● What you are asked to do: At the line containing "Kerzen schwarz - Greifswald", begin an exact copy, and continue through the last line of the entries below. Leave out any pictures.

● Captioned web images:

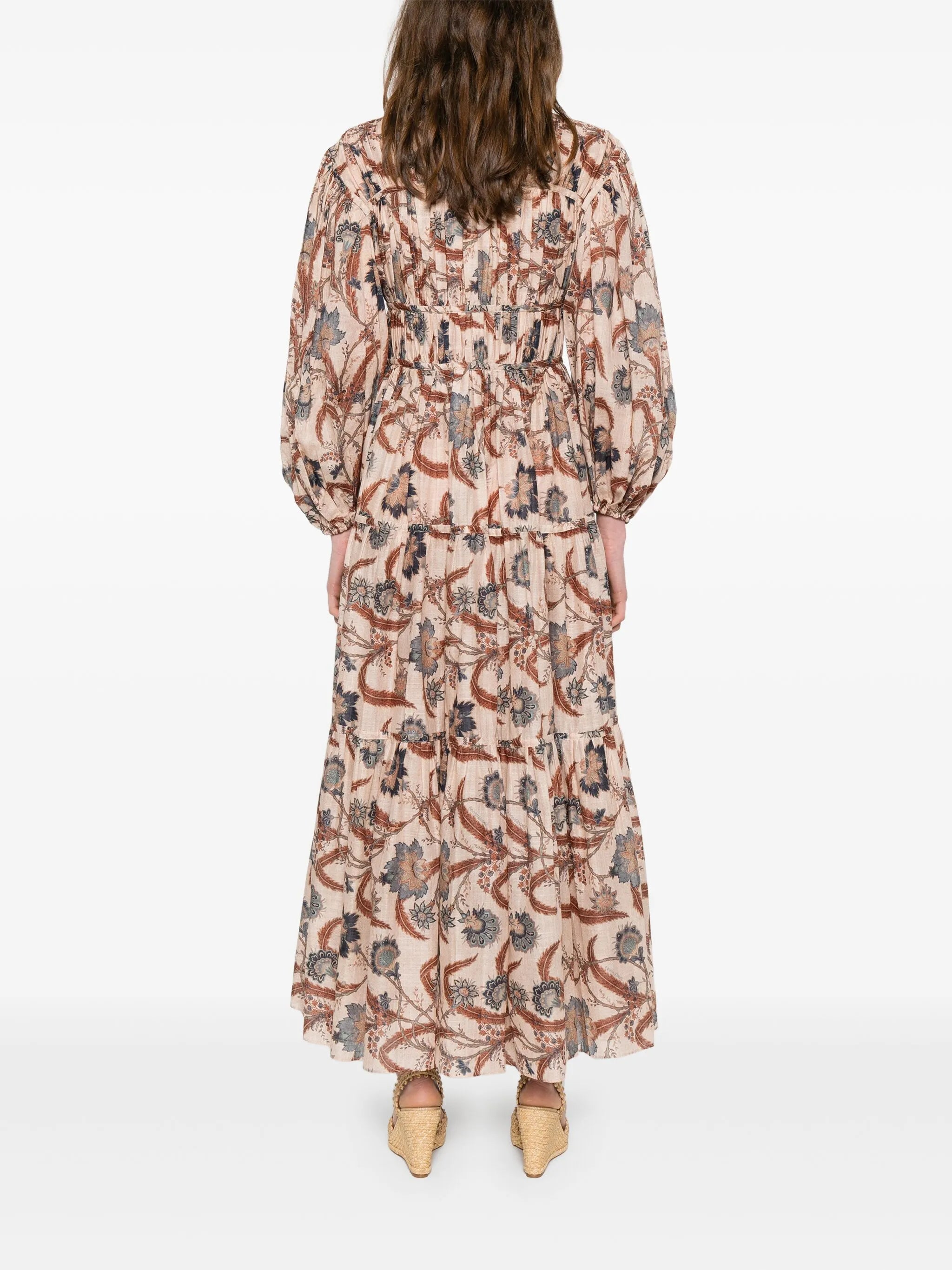Ascension maxi dress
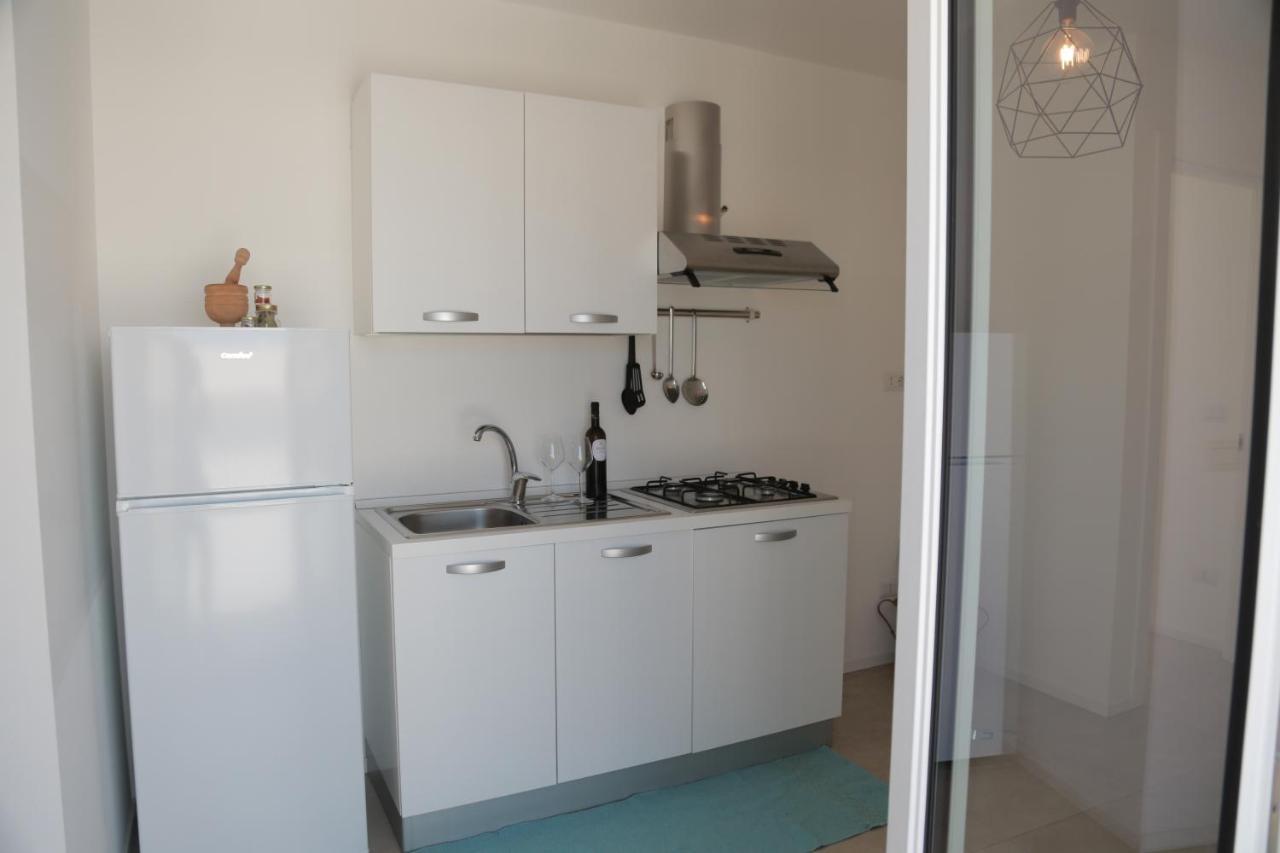 Apartamento Madreselva Peschici Exterior foto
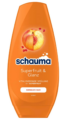 Schauma balzam na vlasy 250ml Superfruit&Glanz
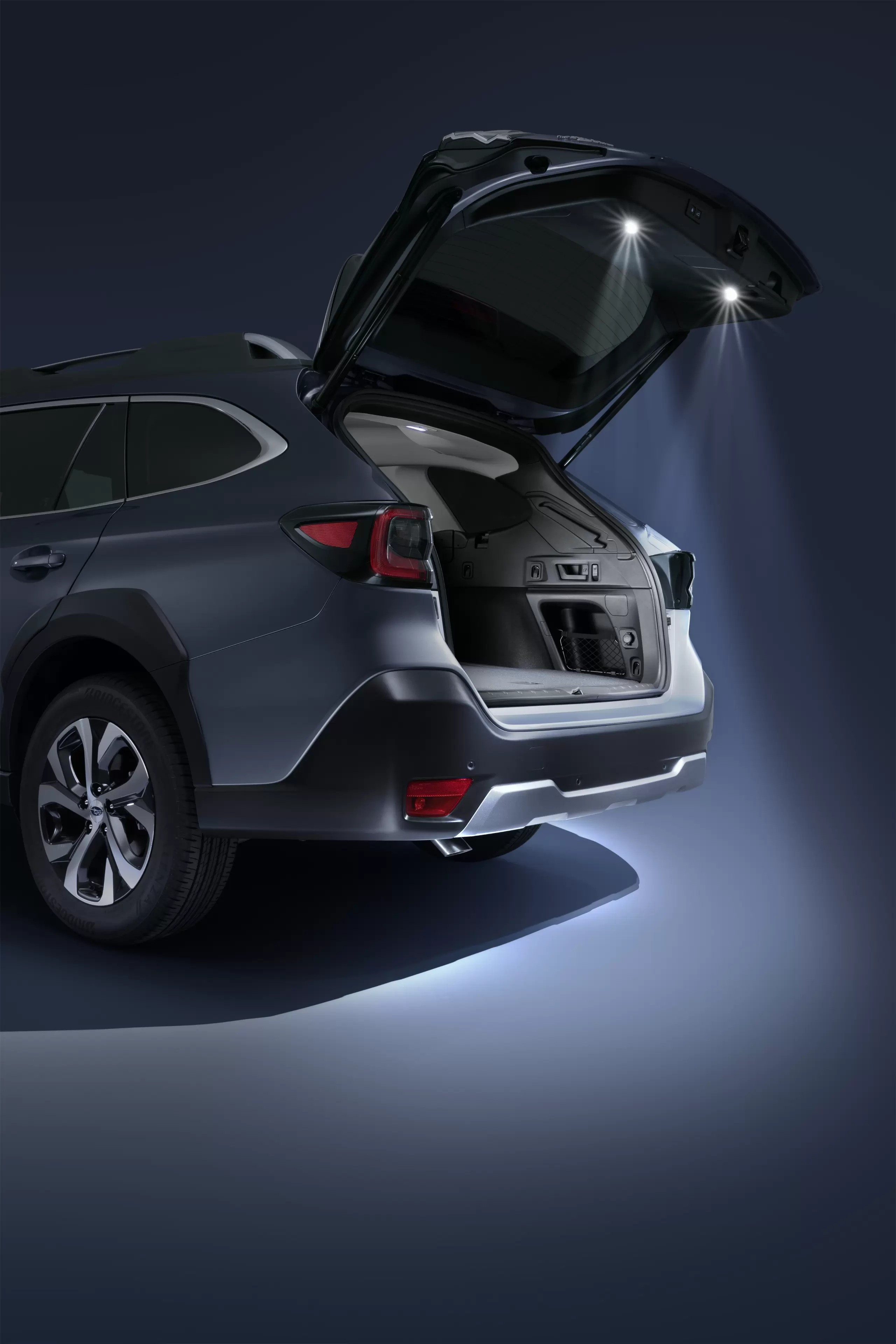 LED Tailgate Illumination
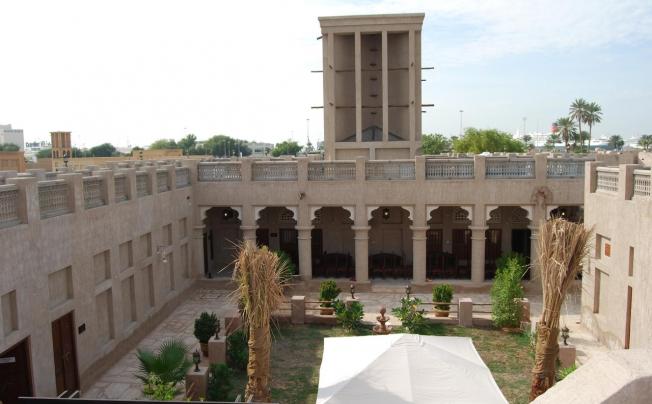 Фото отеля Barjeel Heritage Guest House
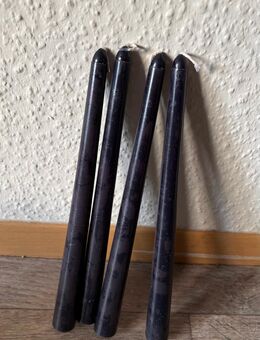 Kerzen schwarz - Greifswald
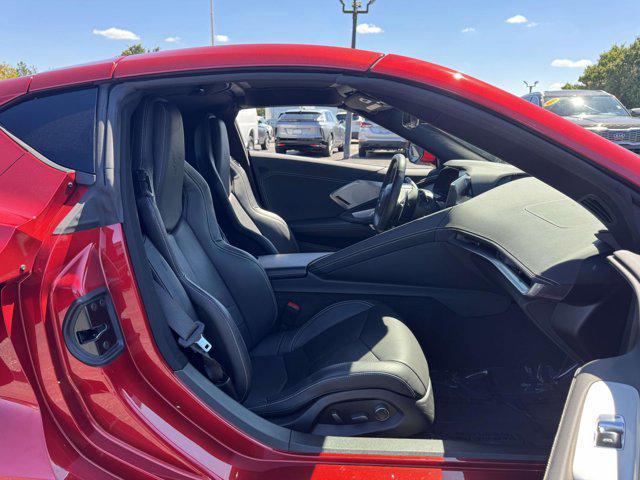 used 2023 Chevrolet Corvette car, priced at $68,000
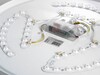 Миниатюра фото потолочный светодиодный светильник lussole lgo moonlight lsp-8310 | 220svet.ru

● Solution to the exercise:
 Kerzen schwarz - Greifswald
 used 2023 Chevrolet Corvette car, priced at $68,000
 Миниатюра фото потолочный светодиодный светильник lussole lgo moonlight lsp-8310 | 220svet.ru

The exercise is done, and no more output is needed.